Regulation Number and Section

§ 866.3980 Respiratory viral panel multiplex nucleic acid assay.

(a)
Identification. A respiratory viral panel multiplex nucleic acid assay is a qualitative in vitro diagnostic device intended to simultaneously detect and identify multiple viral nucleic acids extracted from human respiratory specimens or viral culture. The detection and identification of a specific viral nucleic acid from individuals exhibiting signs and symptoms of respiratory infection aids in the diagnosis of respiratory viral infection when used in conjunction with other clinical and laboratory findings. The device is intended for detection and identification of a combination of the following viruses:(1) Influenza A and Influenza B;
(2) Influenza A subtype H1 and Influenza A subtype H3;
(3) Respiratory Syncytial Virus subtype A and Respiratory Syncytial Virus subtype B;
(4) Parainfluenza 1, Parainfluenza 2, and Parainfluenza 3 virus;
(5) Human Metapneumovirus;
(6) Rhinovirus; and
(7) Adenovirus.
(b)
Classification. Class II (special controls).

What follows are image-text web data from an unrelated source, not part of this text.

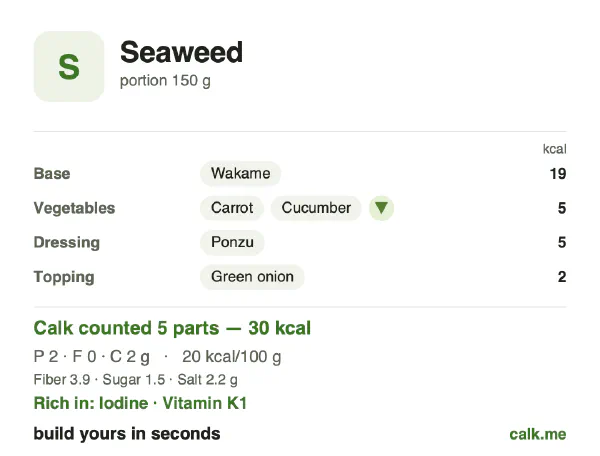 Lower calorie Calk card for Seaweed: 20 kcal per 100 g, protein/fat/carbs 42/16/43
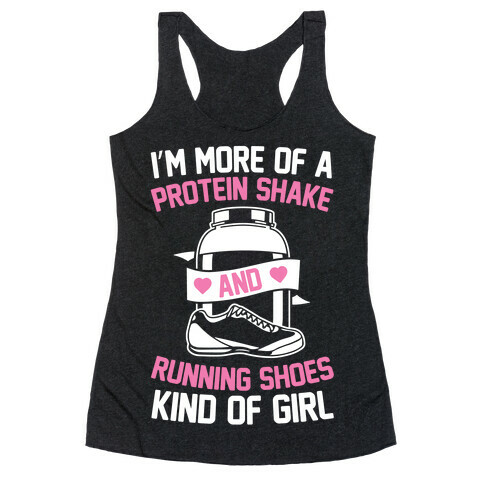 I'm More Of A Protein Shake And Running Shoes Kinda Of Girl Racerback Tank Top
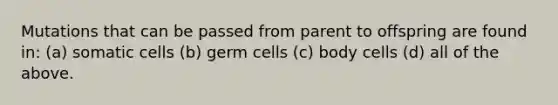 Mutations that can be passed from parent to offspring are found in: (a) somatic cells (b) germ cells (c) body cells (d) all of the above.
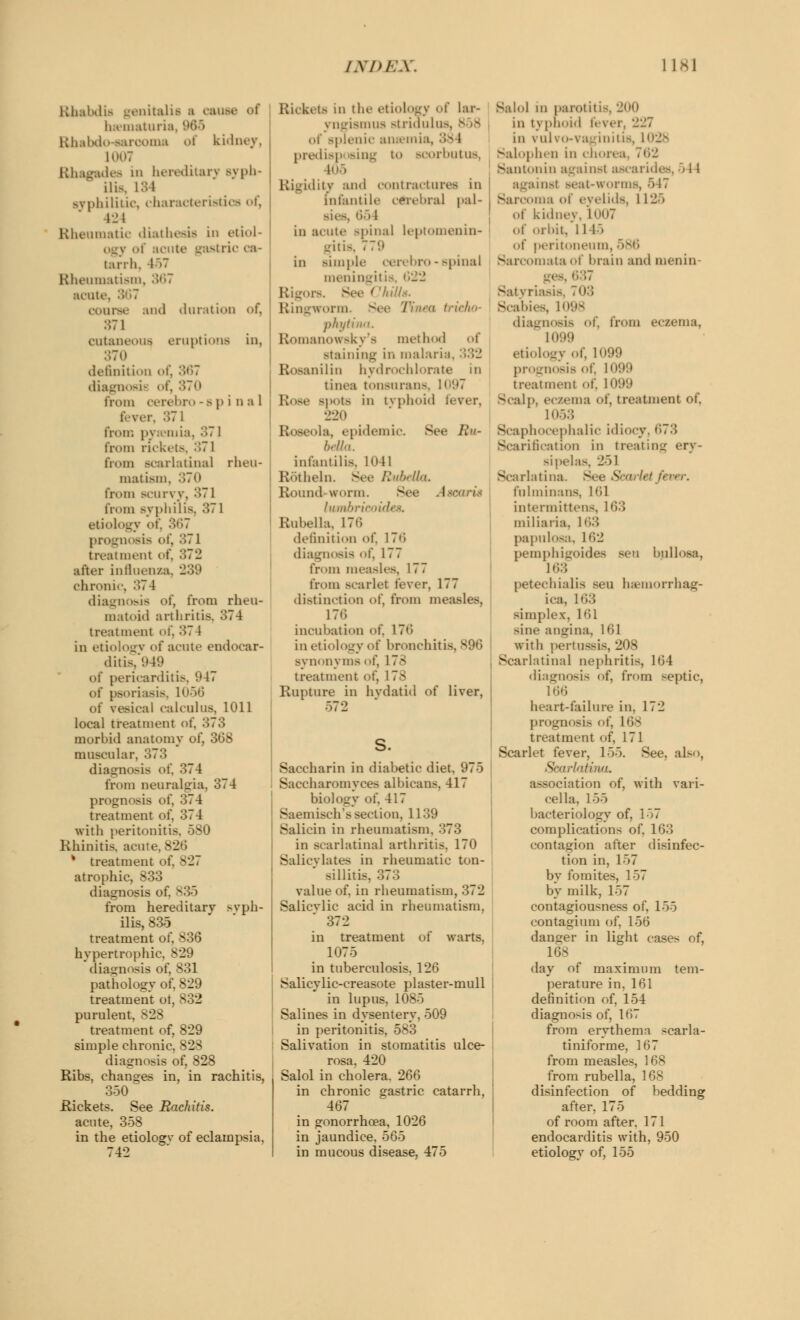 Rhabdfr Genitalis i cause of hematuria Rhabdo-earooma of kidney, 1007 Rhagades in hereditary Byph- ili>, L84 syphilitic, characteristics of, 424 Rheumatic diathesis in etiol- j of acute gastric ca- tarrh, 467 Rheumatism, 367 acute, 367 course and duration of, 371 cutaneous, eruptions in, definition of, 367 diagnosif of, 370 from oerebro -api n a 1 fever, 371 from m I inia, 371 from rickets, 371 from scarlatina] rheu- matism, 370 from scurvy, 371 l'nun syphilis, 371 etiology >>t'. •>,;7 prognosis of, 371 treatment of, after influenza, 239 chronic, 374 diagnosis of, from rheu- matoid arthritis. 374 treatment of, 374 in etiology of acute endocar- ditis/949 of pericarditis, 047 of psoriasis, 1056 of vesical calculus, 1011 local treatment of. 373 morbid anatomy of, 308 muscular, 373 diagnosis of, 374 from neuralgia, 374 prognosis of, 374 treatment of, 374 with peritonitis Rhinitis, acute, 826 * treatment of. N27 atrophic, 833 diagnosis of. 835 from hereditary syph- ilis, 835 treatment of, 836 hypertrophic. 829 diagnosis of, 831 pathology of, 829 treatment ot, 832 purulent, 828 treatment of, 829 simple chronic, 828 diagnosis of, 828 Ribs, changes in, in rachitis, 350 Rickets. See Rachitis. acute, 358 in the etiologv of eclampsia, 742 Rickets in the etiology of lar> \ Dgismua stridulus, of -picnic anaemia, 38 l predisp sing to scorbutus, 105 lity and contractures in infantile cerebral pal- 651 in acute spinal leptomenin- gitis, 770 in simple oerebro - spinal meningiti ills. Ringworm See 1\nea tricho- phytina. Romanowsky's method of Btaining in malaria. 332 lilin hydrochlorate in tinea tonsurans Rose spots in typhoid fever, 220 Roseola, epidemic. Sec Ru- bella. infantilis, 1041 Rotbeln. See Rubella, Round worm. See 1 wsarit lumbrieoid Rubella, 170 definition of, 176 diagnosis of, 177 from measles, 177 from scarlet fever, 177 distinction of, from measles, 176 incubation of, 170 in etiology of bronchitis synonyms of, 178 treatment of, 178 Rupture in hydatid of liver, 572 S. Saccharin in diabetic diet, 975 Saccharomyces albicans. 417 biology of, 417 Saemisch's section, 1139 Salicin in rheumatism. 373 in scarlatinal arthritis. 170 Salicylates in rheumatic ton- sillitis, 373 value of, in rheumatism, 372 Salicvlic acid in rheumatism, 372 in treatment of warts, 1075 in tuberculosis, 126 Salicylic-creasote plaster-mull in lupus, 1085 Salines in dysentery, 509 in peritonitis, 583 Salivation in stomatitis ulce- rosa, 420 Salol in cholera. 266 in chronic gastric catarrh, 467 in gonorrhoea, 1026 in jaundice, 565 in mucous disease, 475 Salol in parotitis in typhoid fever, 227 in vulvo-vaginitis, 1028 Salophen in chorea, 702 Santonin against ascarides, 5 11 insl seat-worms, 547 Sarcoma of eyelids, 1125 of kidney, 1007 of orbit, 1145 of peritoneum, 586 Sarcomata of brain and menin Satyriasis To:; Scabies, 1098 diagnosis of, from eczema, 1099 etiology of, 1099 prognosis of, 1099 treatment of, 1099 Scalp, eczema of, treatment of, 1053 Scaphocephaly idiocy. 673 Scarification in treating ery- sipelas, 251 Scarlatina let fever. ftilminans, 161 intermittens, 163 miliaria. 163 papulosa. L62 pemphigoides sen bullosa, 163 petechialis sen hemorrhag- ica, 163 simplex, 161 sine angina, 161 with pertussis, 208 Scarlatinal nephritis, 164 diagnosis of, from septic, 166 heart-failure in, 172 prognosis of, 168 treatment of, 171 Scarlet fever, 155. See, also, SearlaHna. association of, with vari- cella, 155 bacteriology of. 157 complications of, 163 contagion after disinfec- tion in, 157 by fomites, 157 by milk, 157 contagiousness of, 155 contagium of, 156 danger in light cases of, 168 day of maximum tem- perature in, 161 definition of, 154 diagnosis of, 167 from erythema -carla- tiniforme, 167 from measles, 168 from rubella, 168 disinfection of bedding after, 175 of room after. 171 endocarditis with, 950 etiology of, 155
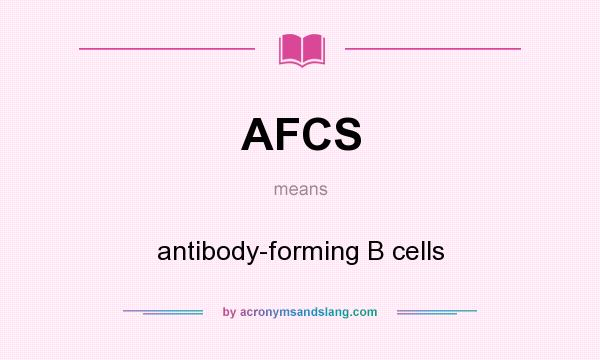 What does AFCS mean? It stands for antibody-forming B cells
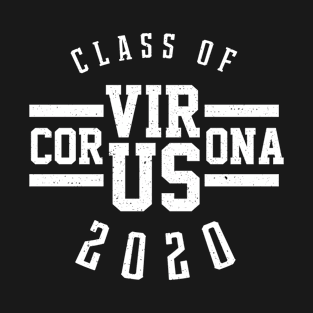 Coronavirus Class of 2020 Graduation Quarantine Gift Funny T-Shirt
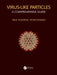 Virus-Like Particles: A Comprehensive Guide by Paul Pumpens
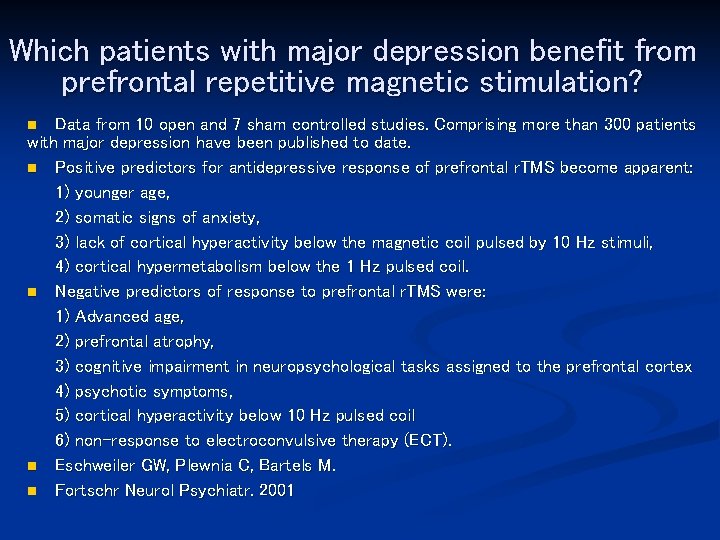 Which patients with major depression benefit from prefrontal repetitive magnetic stimulation? Data from 10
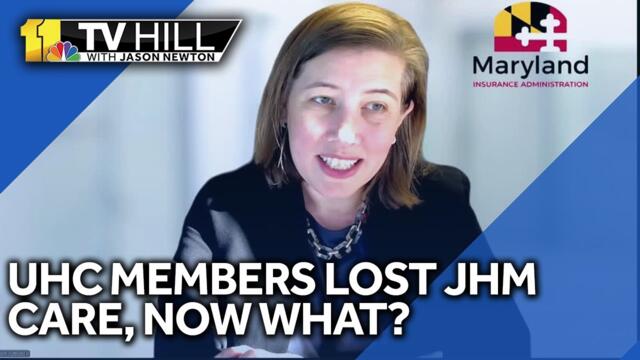 11 TV Hill: What JHM patients who are UHC policy holders should do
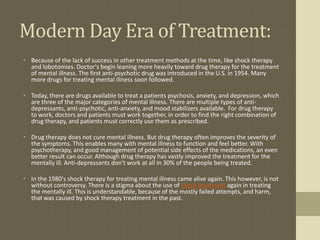 Modern Day Era of Treatment:
• Because of the lack of success in other treatment methods at the time, like shock therapy
  and lobotomies. Doctor's begin leaning more heavily toward drug therapy for the treatment
  of mental illness. The first anti-psychotic drug was introduced in the U.S. in 1954. Many
  more drugs for treating mental illness soon followed.

• Today, there are drugs available to treat a patients psychosis, anxiety, and depression, which
  are three of the major categories of mental illness. There are multiple types of anti-
  depressants, anti-psychotic, anti-anxiety, and mood stabilizers available. For drug therapy
  to work, doctors and patients must work together, in order to find the right combination of
  drug therapy, and patients must correctly use them as prescribed.

• Drug therapy does not cure mental illness. But drug therapy often improves the severity of
  the symptoms. This enables many with mental illness to function and feel better. With
  psychotherapy, and good management of potential side effects of the medications, an even
  better result can occur. Although drug therapy has vastly improved the treatment for the
  mentally ill. Anti-depressants don't work at all in 30% of the people being treated.

• In the 1980's shock therapy for treating mental illness came alive again. This however, is not
  without controversy. There is a stigma about the use of shock treatment again in treating
  the mentally ill. This is understandable, because of the mostly failed attempts, and harm,
  that was caused by shock therapy treatment in the past.
 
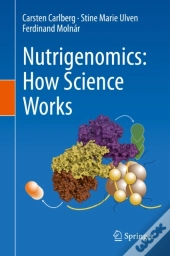 Nutrigenomics: How Science Works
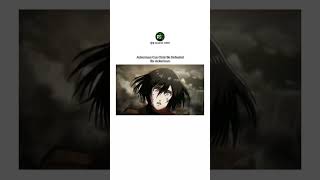 #anime #animeedit #aot #mikasa #levi #akerman #foryou #foryoupage #viralvideo #viralshorts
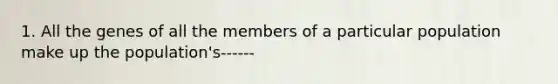 1. All the genes of all the members of a particular population make up the population's------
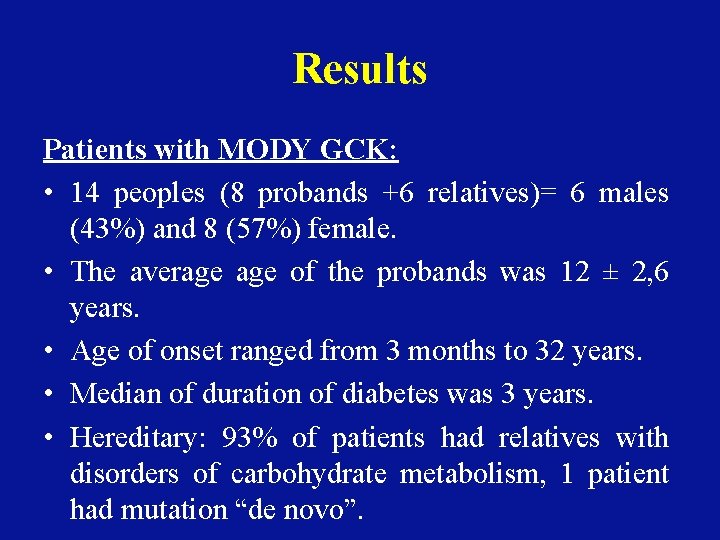 Results Patients with MODY GCK: • 14 peoples (8 probands +6 relatives)= 6 males
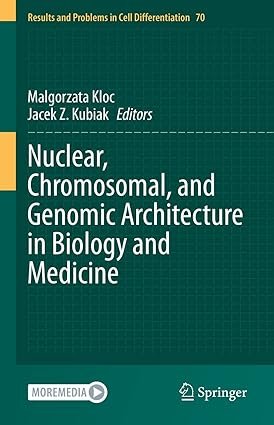 Nuclear-Chromosomal-and-Genomic-Architecture-in-Biology-and-Medicine-Results-and-Problems-in-Cell-Differentiation-Book-70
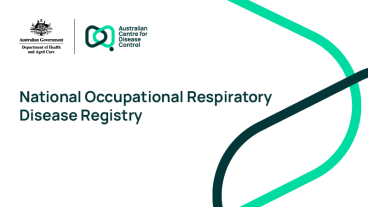 Managing notifications and patients in the National Occupational Respiratory Disease Registry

The special controls are:(1) FDA's guidance document entitled “Class II Special Controls Guidance Document: Respiratory Viral Panel Multiplex Nucleic Acid Assay;”
(2) For a device that detects and identifies Human Metapneumovirus, FDA's guidance document entitled “Class II Special Controls Guidance Document: Testing for Human Metapneumovirus (hMPV) Using Nucleic Acid Assays;” and
(3) For a device that detects and differentiates Influenza A subtype H1 and subtype H3, FDA's guidance document entitled “Class II Special Controls Guidance Document: Testing for Detection and Differentiation of Influenza A Virus Subtypes Using Multiplex Nucleic Acid Assays.” See § 866.1(e) for the availability of these guidance documents.